In the data below, begin at the line with "Mapa del código" and stop after the line with "Embroidered Ruffle Sleeve Tank in Rust"; output those lines exactly and no pictures.

Data in this exercise
::::::::::

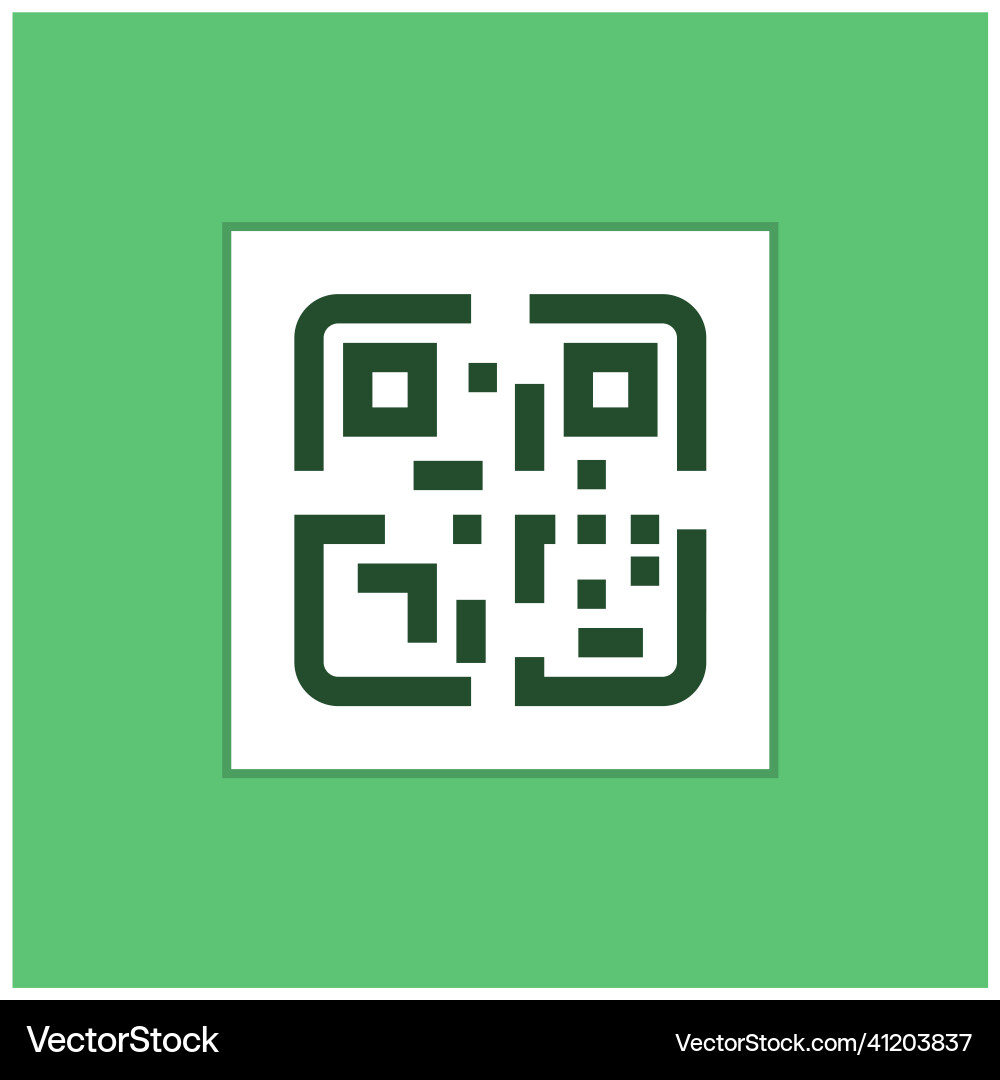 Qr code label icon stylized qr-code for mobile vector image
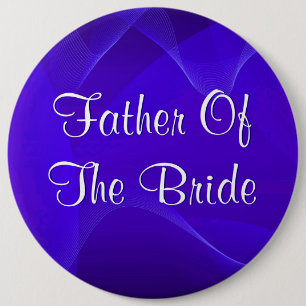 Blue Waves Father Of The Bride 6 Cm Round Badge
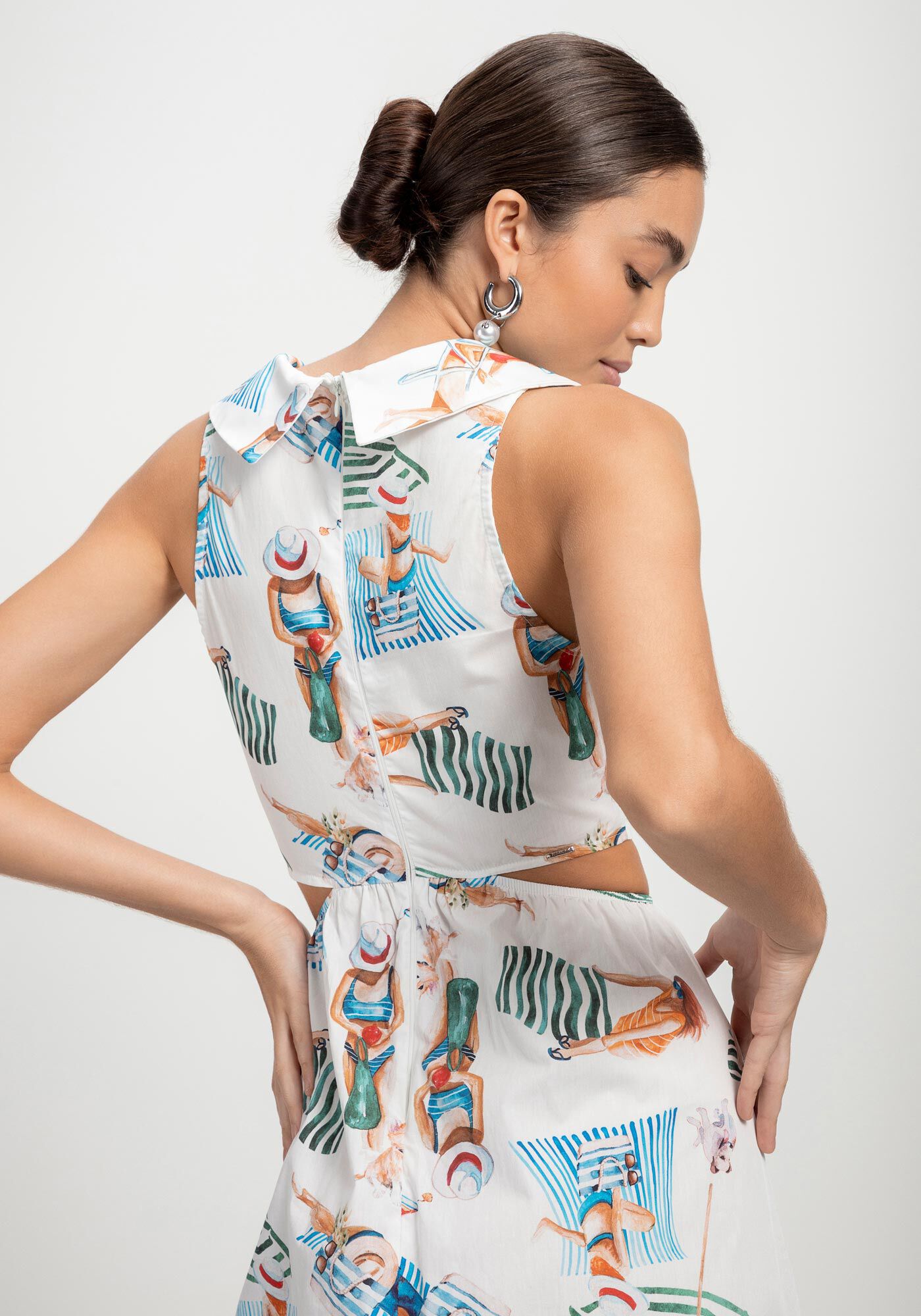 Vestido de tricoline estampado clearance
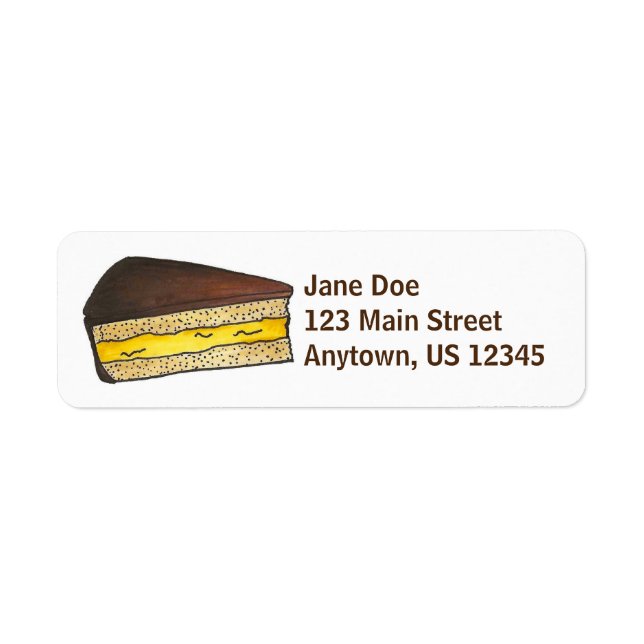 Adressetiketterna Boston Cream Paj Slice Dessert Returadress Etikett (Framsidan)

::::::::::

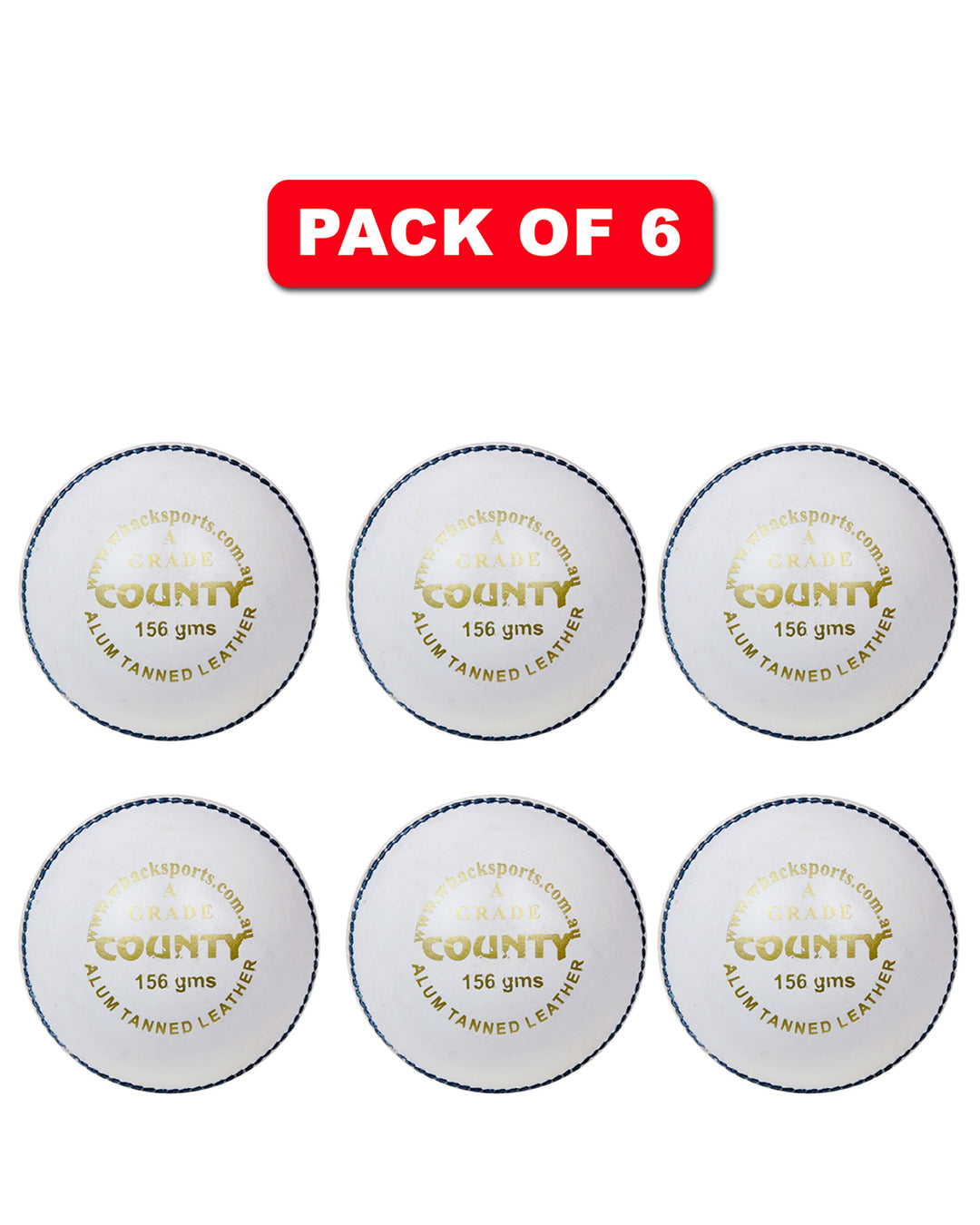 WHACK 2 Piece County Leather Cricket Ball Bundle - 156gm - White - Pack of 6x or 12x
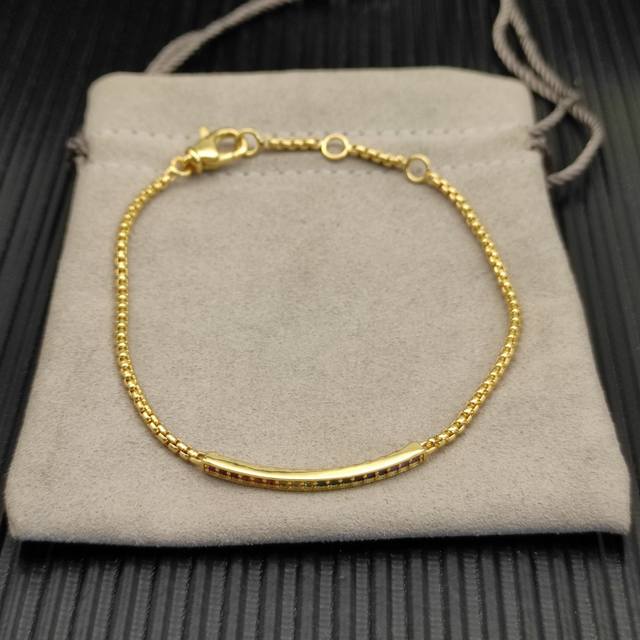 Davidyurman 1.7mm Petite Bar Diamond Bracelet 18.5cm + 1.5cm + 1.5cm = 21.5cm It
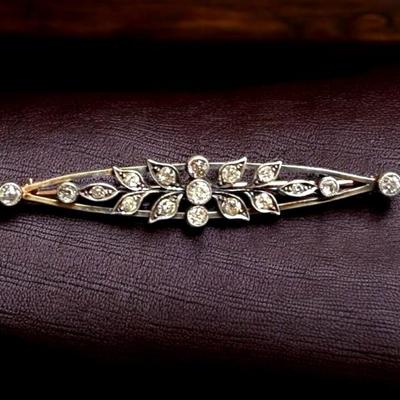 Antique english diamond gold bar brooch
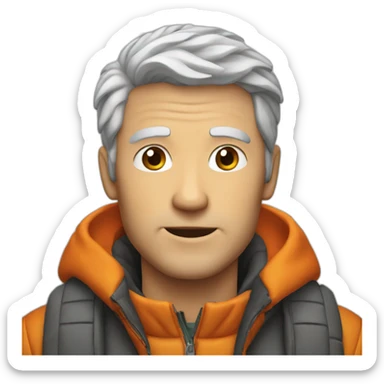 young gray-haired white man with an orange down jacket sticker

::::::::::

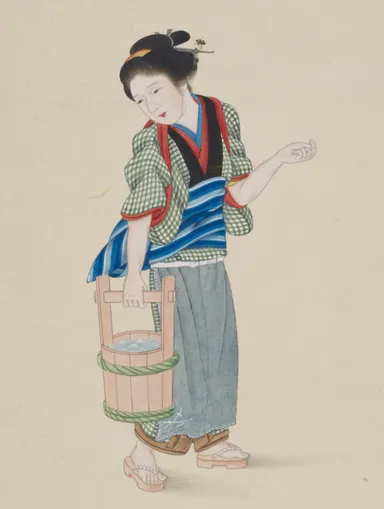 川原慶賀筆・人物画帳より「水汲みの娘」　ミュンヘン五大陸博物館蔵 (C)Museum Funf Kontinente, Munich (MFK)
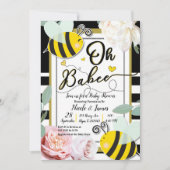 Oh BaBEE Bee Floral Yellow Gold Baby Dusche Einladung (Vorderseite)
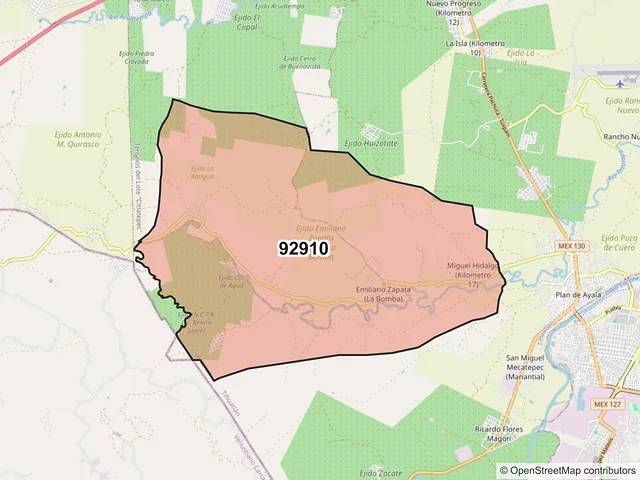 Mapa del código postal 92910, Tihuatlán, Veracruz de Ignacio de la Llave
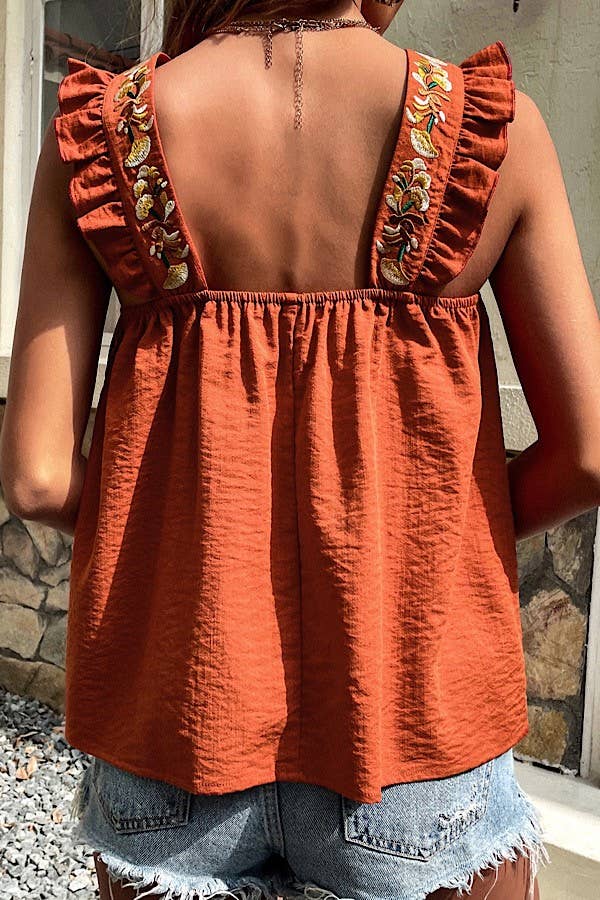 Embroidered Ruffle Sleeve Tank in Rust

::::::::::

Task solution
 Mapa del código postal 92910, Tihuatlán, Veracruz de Ignacio de la Llave
 Embroidered Ruffle Sleeve Tank in Rust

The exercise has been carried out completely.